Médico e pesquisador analisa atual gestão e aponta a necessidade de pensar a recuperação da saúde em sentido mais amplo, a partir de uma ideia de intersetorialidade
“Como disseram os membros do Grupo Técnico de Saúde do gabinete da transição: um verdadeiro caos”. É assim que José Noronha, médico e pesquisador da Fundação Oswaldo Cruz – Fiocruz, classifica a gestão do governo de Jair Bolsonaro na área da saúde. Mas, apesar do cenário catastrófico, ele não se resigna. Mesmo reconhecendo que esse futuro governo tem o desafio de reformar o Estado e acumular muitos interesses dessa coalizão de forças políticas que acabou capitaneando, aponta: “Pelo que se anuncia na área econômica e para a saúde, acho que começaremos uma boa trilha. A jornada não será fácil, mas estou confiante que saímos do horror e para entrar na esperança”.
Ele destaca, na entrevista concedida por e-mail ao Instituto Humanitas Unisinos – IHU, uma série de ações que devem ser tomadas pela nova gestão. E todas, essencialmente, passam por uma perspectiva de políticas integrativas, ampliando o senso comum de que a saúde é responsabilidade apenas do Ministério da Saúde. “O primeiro ponto é a intersetorialidade”, reitera. “Políticas econômicas e sociais são fundamentais para a melhoria da saúde de um povo. Trabalho, renda, casa, comida, transporte, educação, são absolutamente vitais e o componente saúde está presente nelas”, acrescenta.

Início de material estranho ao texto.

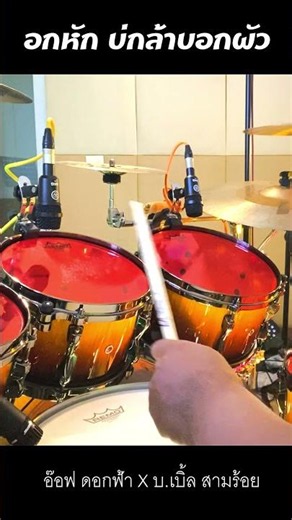 🥁อกหักไม่กล้ารักผัว✨ อ๊อฟ ดอกฟ้า X บ.เบิ้ล สามร้อย cover จังหวะกลอง มือกลอง ลูกทุ่ง วาไรตี้ เพลงฮิต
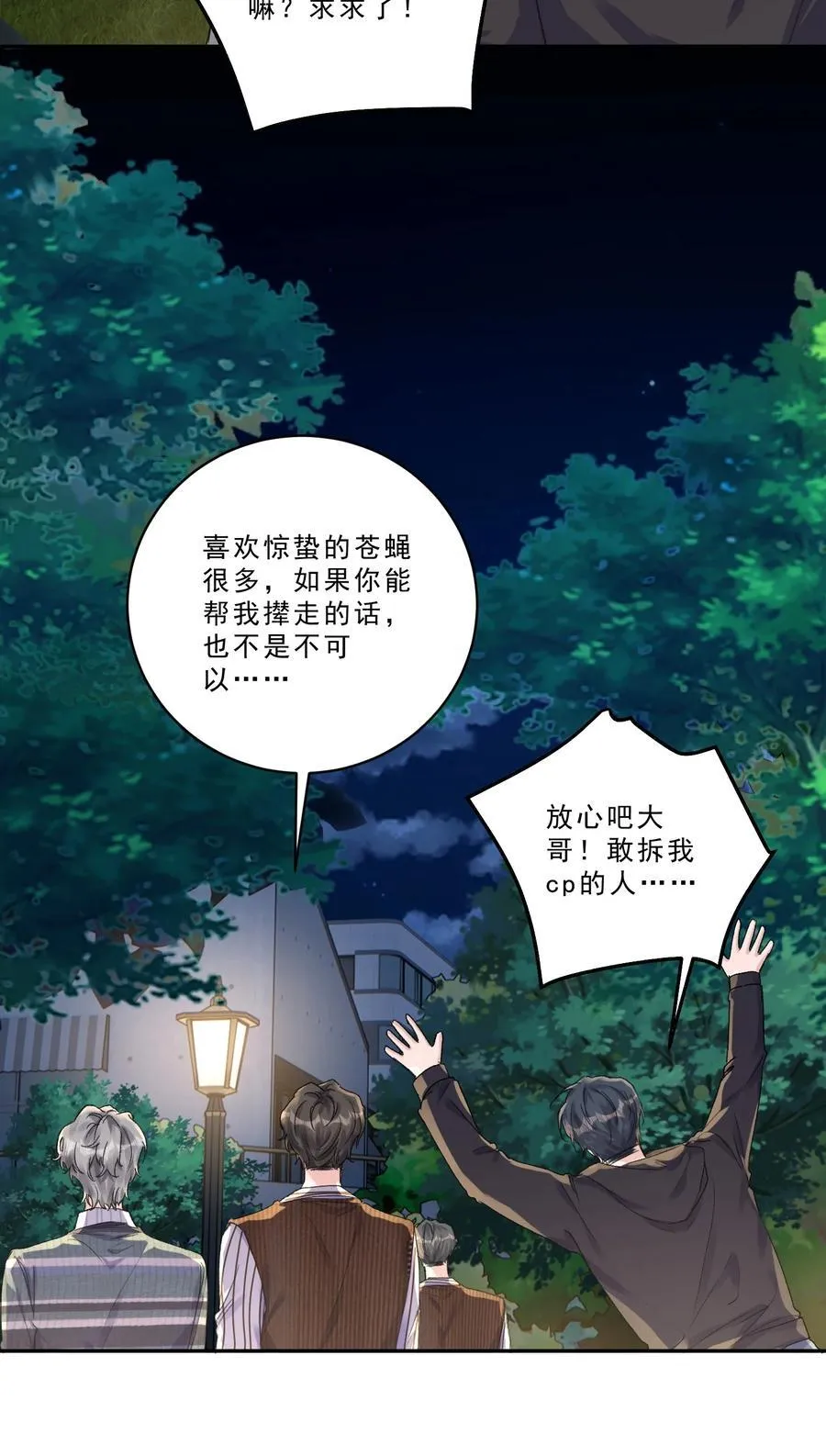 100 真相只有一个！29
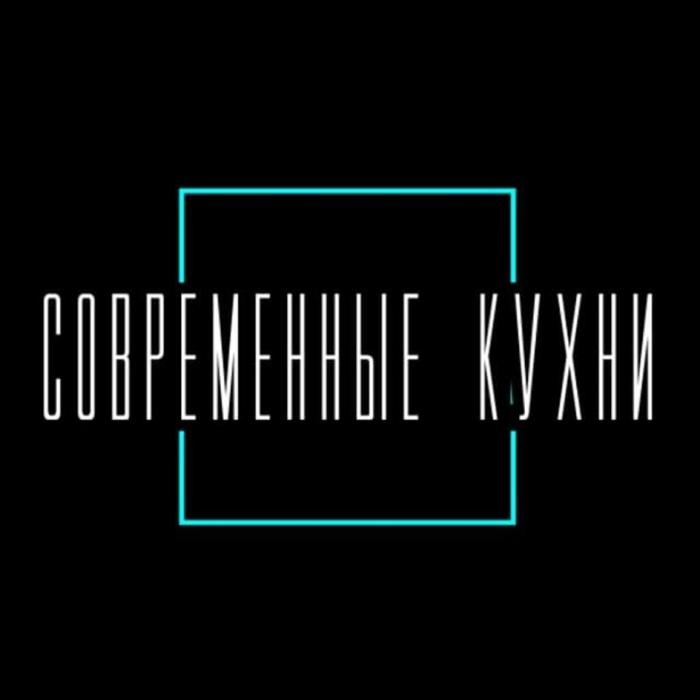 СОВРЕМЕННЫЕ КУХНИ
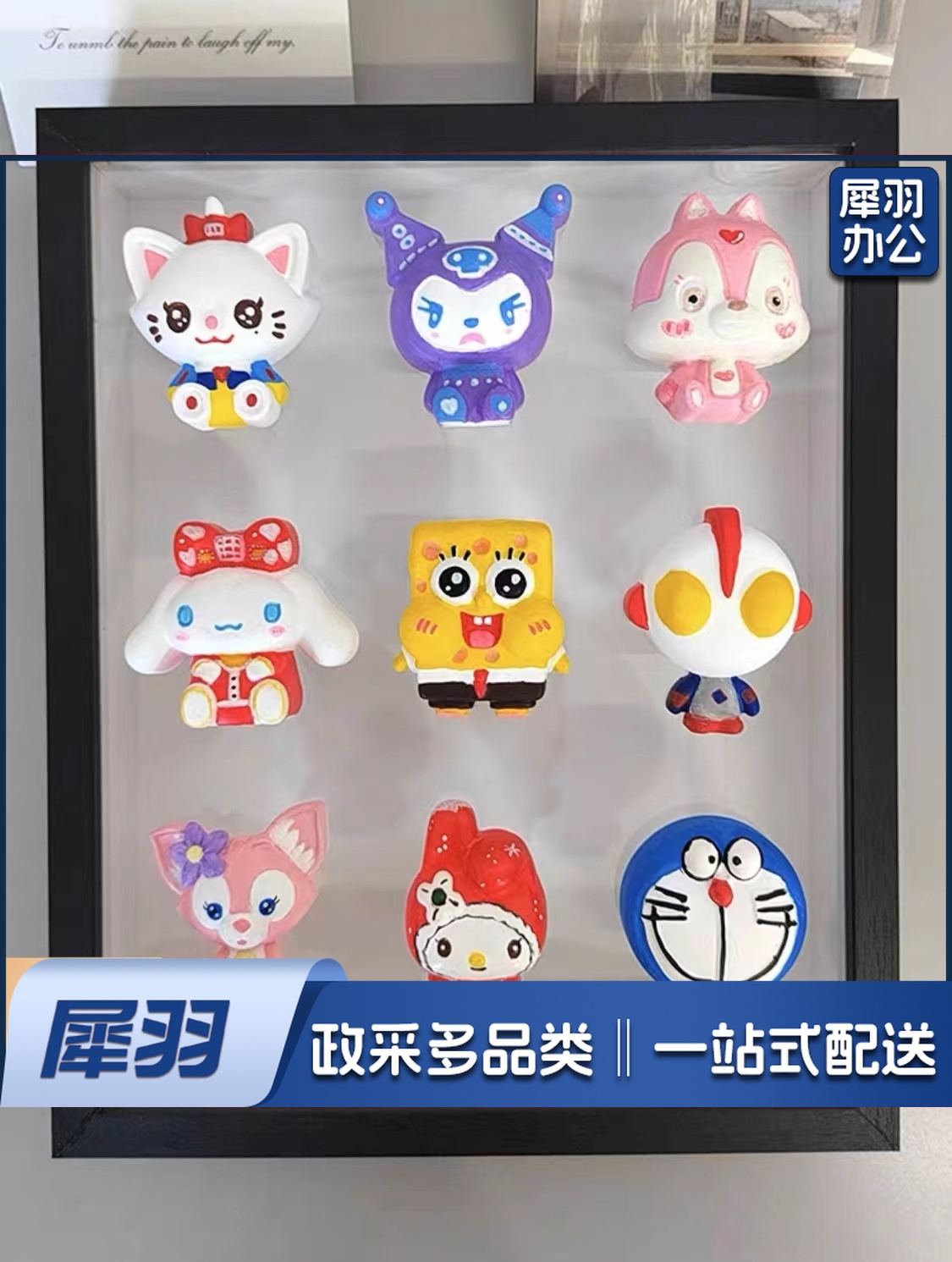 石膏娃娃小号 石膏模具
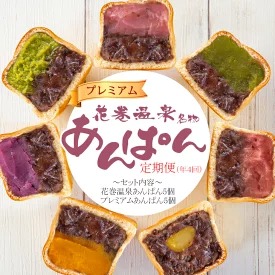 「花巻温泉あんぱん」を詳しく見る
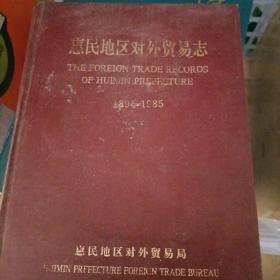 惠民地区对外贸易志 1894-1985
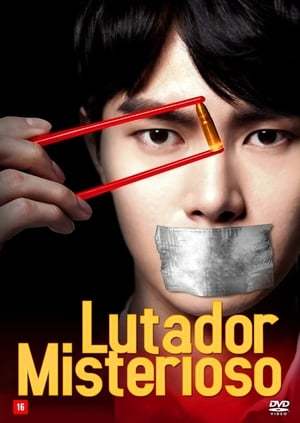 Movie Luchador Misterioso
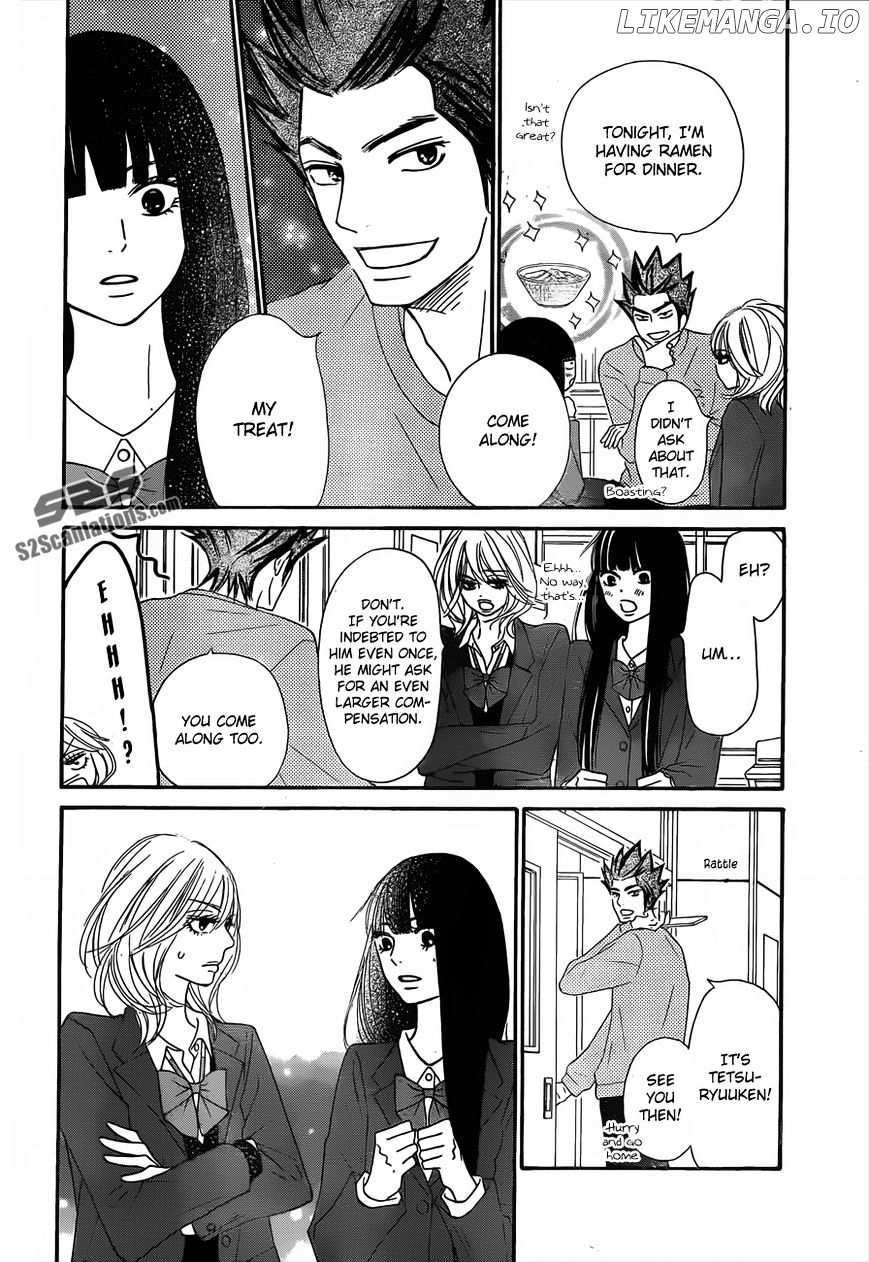 Kimi ni Todoke Chapter 79 - page 23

Noronha amarra a recuperação da saúde a ações como a volta do desenvolvimento econômico e a erradicação da fome. Espera-se, segundo ele, um “retorno a um desenvolvimento econômico que faça aumentar a riqueza do país, que garanta trabalho e emprego e que distribua a riqueza”.
José Carvalho de Noronha (Foto: Fiocruz)
José Carvalho de Noronha é graduado em Medicina pela Universidade Federal do Rio de Janeiro – UFRJ, mestrado em Medicina Social e doutorado em Saúde Coletiva , ambos pela pela Universidade do Estado do Rio de Janeiro – UERJ. Atualmente é pesquisador da Fundação Oswaldo Cruz – Fiocruz, onde coordena a iniciativa de Prospecção Estratégica do Sistema de Saúde Brasileiro "Brasil Saúde Amanhã". `Diretor do Cebes - Centro Brasileiro de Estudos de Saúde. Ex-Presidente da Abrasco - Associação Brasileira de Saúde Coletiva.
Confira a entrevista.
IHU – Que diagnóstico faz da gestão de Jair Bolsonaro na área da saúde?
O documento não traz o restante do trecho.